The forensic science lab also creates reproducible ‘bloody’ fingerprints using stamps. | Photos: Pierre-Yves Massot

This is because it’s almost impossible to make a series of fingerprints with real fingers that all have the same quality and composition.

Andy Bécue, the chemist who runs the lab, is always hunting for fingerprints.

After a surface has been dipped in the reagent mixture...

... fingerprints can be detected using laser light.

A smartphone is held over a box covered in fingerprints. This is to test whether police officers might in future be able to use their mobile phones to take photos good enough for forensic purposes.

Bonnaz looks at the bottles that are now covered in a chaotic mess of streaks and smears. “This is a typical case”, she says. Clear marks often come from greasy skin residue, while those that are less recognisable come from dry fingers or the movement of our skin on the object. Just how clearly a mark remains on an object also depends on what’s happened to it after we’ve abandoned it – time, moisture and the environment all play a role. When you’re involved on a research project aimed at evaluating detection methods, you have to assess thousands of such traces by eye. And it’s demanding work.

Next to the cyanoacrylate cabinet, there is a flat container full of liquid standing underneath an air vent. Bécue uses tweezers to pull a used sheet of paper through it. “It’s ninhydrin”, he says. It reacts with amino acids from the sweat exuded by our skin, and turns fingerprint remains purple. It’s a method that’s been in use, unchanged, since the 1950s.
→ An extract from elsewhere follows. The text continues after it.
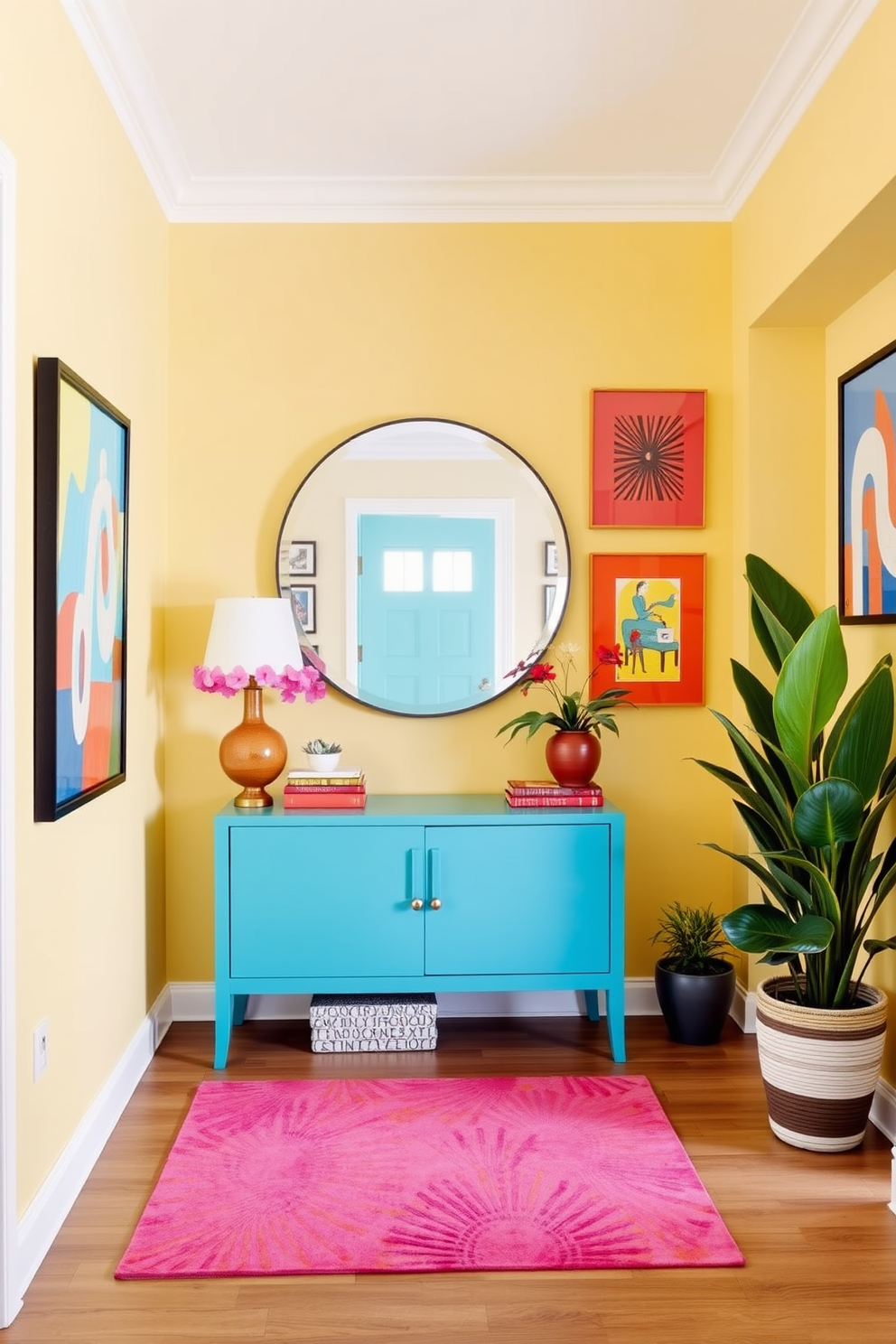 A contemporary foyer filled with bright colors creates a cheerful atmosphere. The walls are painted in a vibrant yellow, complemented by a bold turquoise console table that holds a large round mirror. Brightly colored artwork adorns the walls, adding personality and warmth to the space. A stylish area rug in a mix of pink and orange hues anchors the room, while potted plants bring a touch of nature indoors.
Ecologically unfriendly solvents

But this tried-and-tested method has meanwhile been called into question. Ninhydrin solvents contain so-called forever chemicals, ‘PFAS’, which is why they were banned at the end of 2025. “Everyone knew that would happen eventually”, says Bécue, “but now the ban is here, and we haven’t yet found any equivalent replacement”. This is why he’s researching alternatives. Some of the ideas he’s investigated have shown potential, but the traditional mix of methods still remains unbeatable.
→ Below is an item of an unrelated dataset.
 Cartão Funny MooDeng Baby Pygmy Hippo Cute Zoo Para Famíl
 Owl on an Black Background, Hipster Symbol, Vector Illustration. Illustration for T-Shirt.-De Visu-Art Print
The current gold standard for detecting fingerprints on paper is a chemical called indandione. It, too, reacts with amino acids – but by forming a fluorescent substance that is only visible under laser light. The lab is increasingly dominated by a pungent vinegary smell that’s being exuded by the solution into which Bécue has just dipped another sheet of paper. Now he has to go to the darkroom next door, whose black walls are lit up by hundreds of glow-in-the-dark stickers. “I did that”, says Bonnaz with a laugh, “on a very long day in the lab”.

“Now the ban on solvents is here, but we haven’t yet found any equivalent replacement”.Andy Bécue

Before they turn off the lights, we all put on orange safety goggles. And when Bécue switches on the laser, dozens of bright orange fingerprints appear on what had until now seemed just a white sheet of paper. They’re razor-sharp and rich in detail.

“This is the best technology that we have today for porous surfaces such as paper”, says Bécue. “But here, too, we’re having to look for more sustainable, alternative solvents”.

Every fingerprint is different

To finish, Bécue and his team show us another facet of their work: artificial fingerprints that serve as control samples for testing different methods, making comparisons between different laboratories, and for training purposes. They have stamps, for example, to make reproducible, bloody fingerprints. “This is not really possible with real fingers”, says Bécue. “Even if a fingerprint ‘donor’ always used the same finger, it would be difficult for them to leave a series of traces that all have the same quality or composition”.

Bécue collects the stamps from the table and puts them in a plastic bag. When everyone’s taken off their blue gloves at the end of our visit, he laughs: “Maybe we should do another test to see who touched their face today!”.